● EXERCISE
Retype the entries exactly; omit all pictures.

● Excerpts from a dataset
┄┄┄┄┄┄┄┄┄┄┄┄┄┄┄┄┄┄┄┄

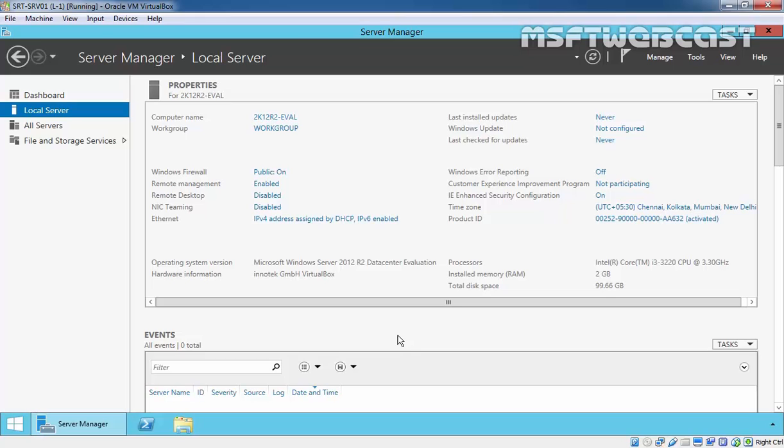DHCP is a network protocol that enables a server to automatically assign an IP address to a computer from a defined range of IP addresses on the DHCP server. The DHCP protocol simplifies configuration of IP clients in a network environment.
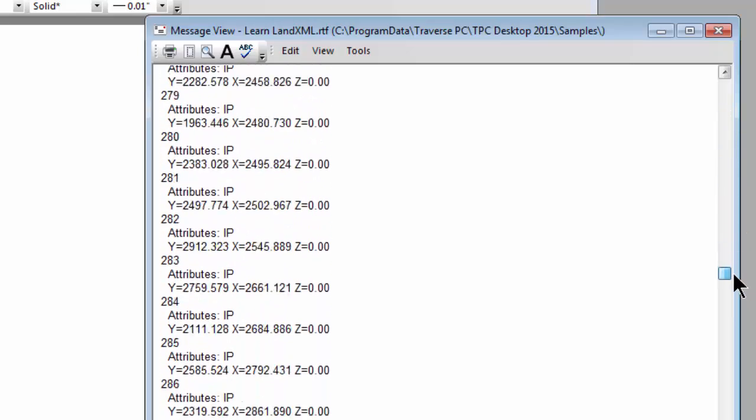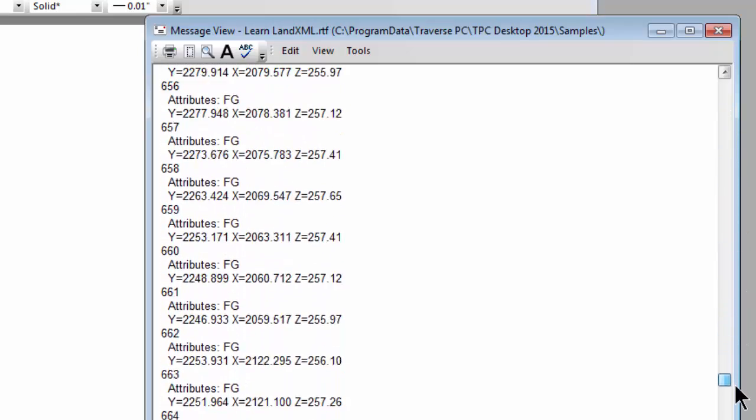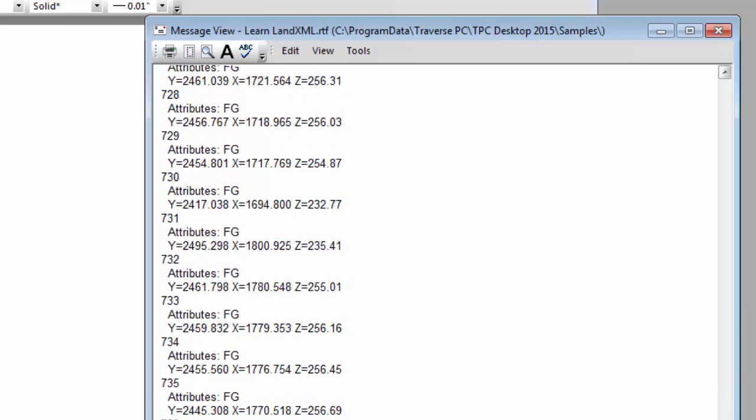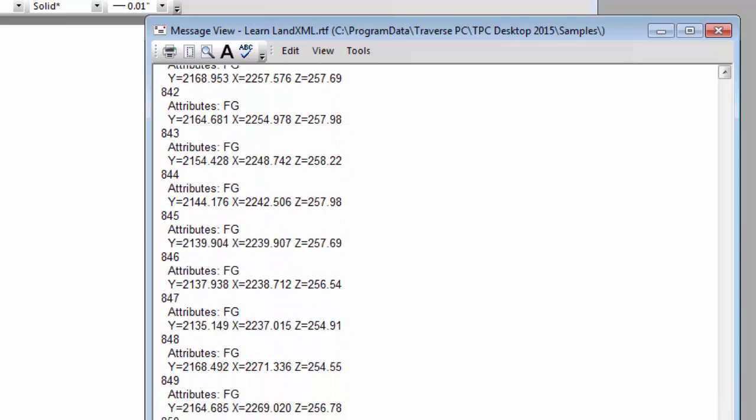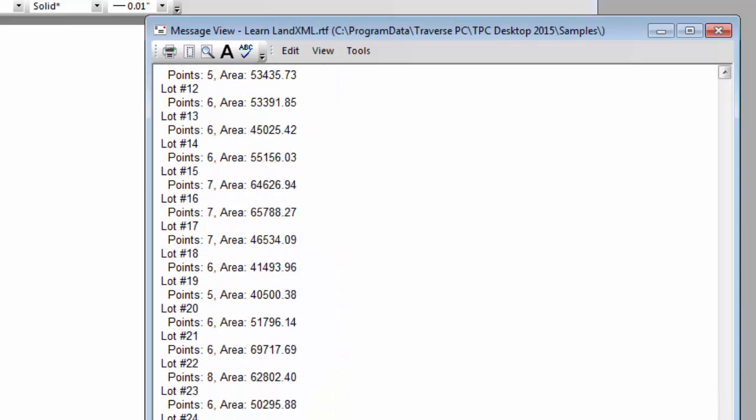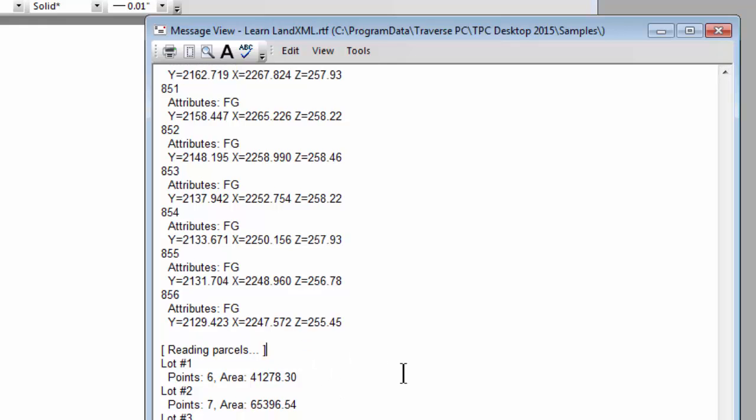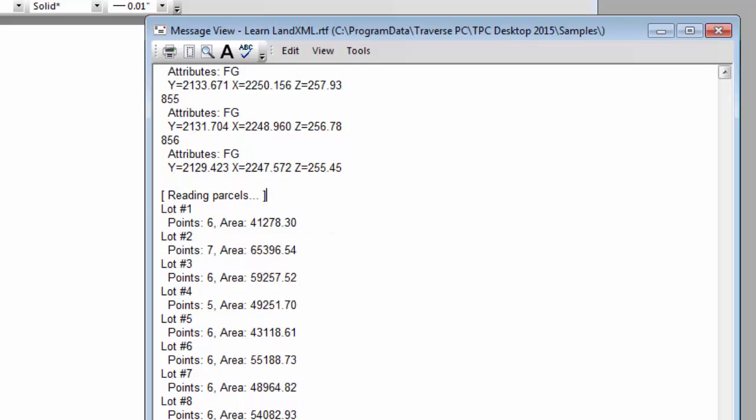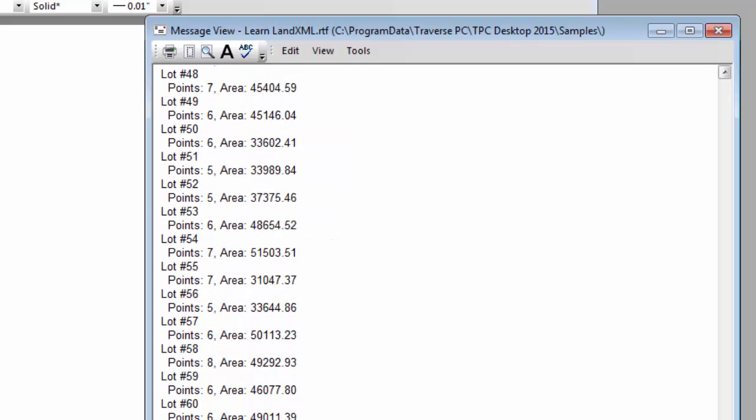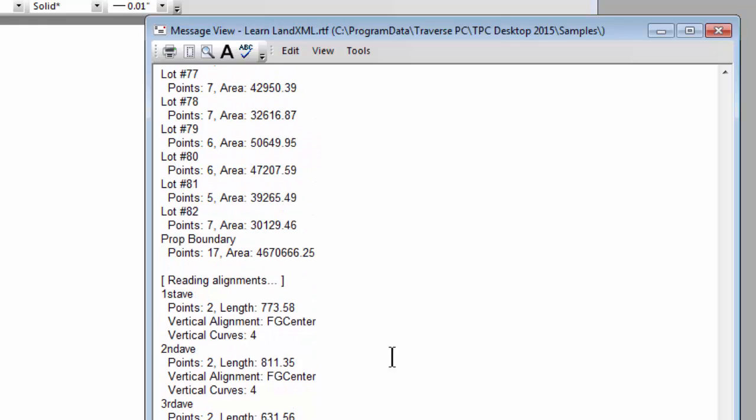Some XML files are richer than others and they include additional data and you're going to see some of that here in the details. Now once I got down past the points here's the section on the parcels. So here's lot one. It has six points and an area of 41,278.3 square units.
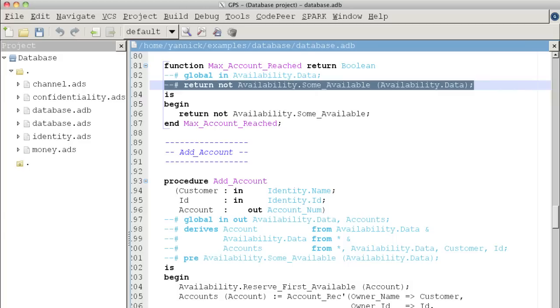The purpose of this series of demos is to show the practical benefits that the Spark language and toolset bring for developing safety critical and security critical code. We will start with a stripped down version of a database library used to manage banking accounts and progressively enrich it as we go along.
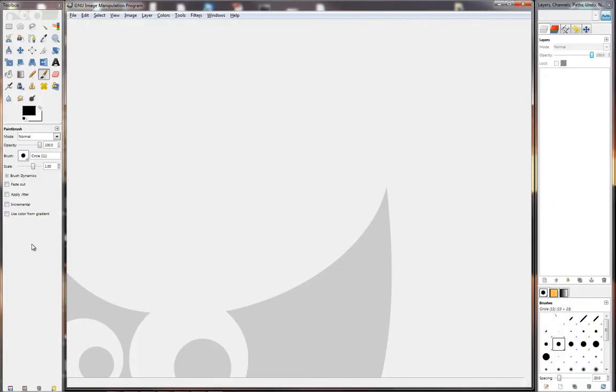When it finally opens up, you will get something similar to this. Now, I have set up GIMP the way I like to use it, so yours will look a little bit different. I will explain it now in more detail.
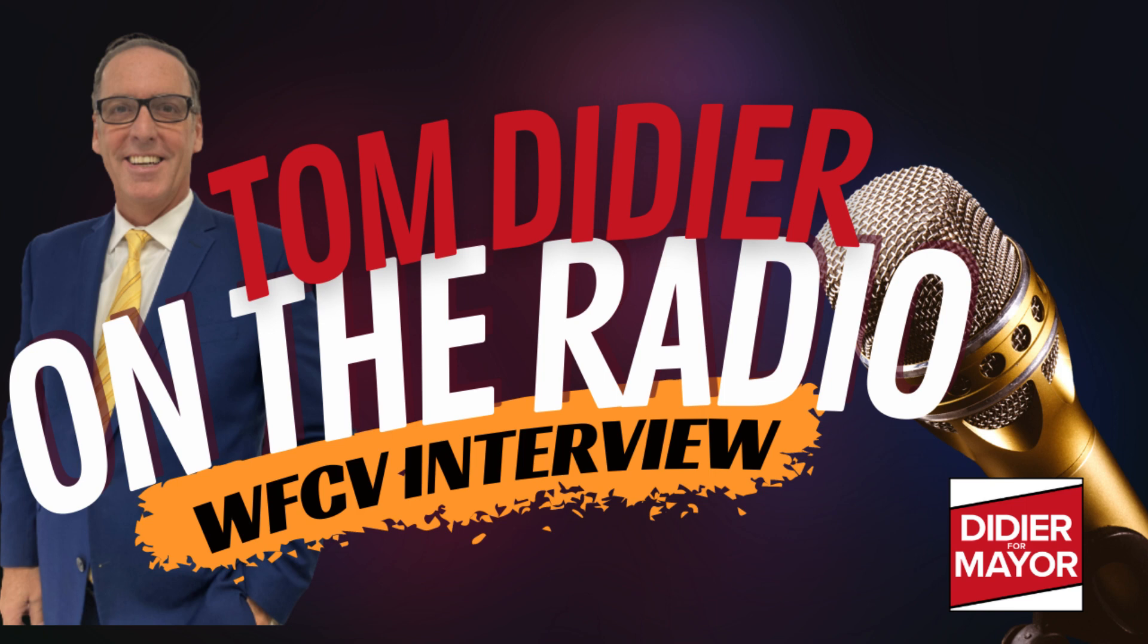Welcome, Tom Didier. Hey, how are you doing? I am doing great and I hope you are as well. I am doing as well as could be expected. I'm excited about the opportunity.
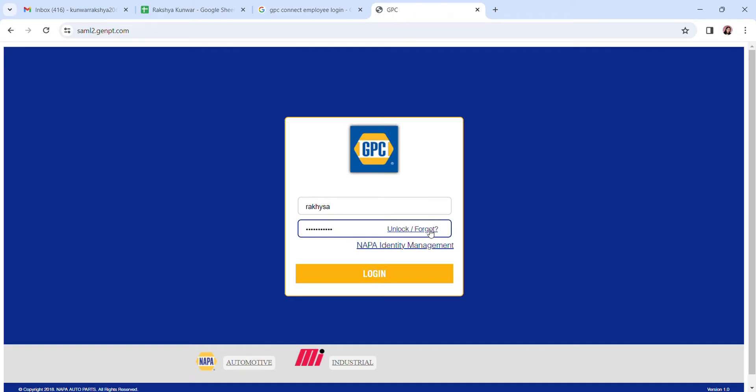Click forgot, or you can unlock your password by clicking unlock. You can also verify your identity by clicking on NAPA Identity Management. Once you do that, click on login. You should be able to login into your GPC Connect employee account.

┄┄┄┄┄┄┄┄┄┄┄┄┄┄┄┄┄┄┄┄

● ANSWER
DHCP is a network protocol that enables a server to automatically assign an IP address to a computer from a defined range of IP addresses on the DHCP server. The DHCP protocol simplifies configuration of IP clients in a network environment.
Some XML files are richer than others and they include additional data and you're going to see some of that here in the details. Now once I got down past the points here's the section on the parcels. So here's lot one. It has six points and an area of 41,278.3 square units.
The purpose of this series of demos is to show the practical benefits that the Spark language and toolset bring for developing safety critical and security critical code. We will start with a stripped down version of a database library used to manage banking accounts and progressively enrich it as we go along.
When it finally opens up, you will get something similar to this. Now, I have set up GIMP the way I like to use it, so yours will look a little bit different. I will explain it now in more detail.
Welcome, Tom Didier. Hey, how are you doing? I am doing great and I hope you are as well. I am doing as well as could be expected. I'm excited about the opportunity.
Click forgot, or you can unlock your password by clicking unlock. You can also verify your identity by clicking on NAPA Identity Management. Once you do that, click on login. You should be able to login into your GPC Connect employee account.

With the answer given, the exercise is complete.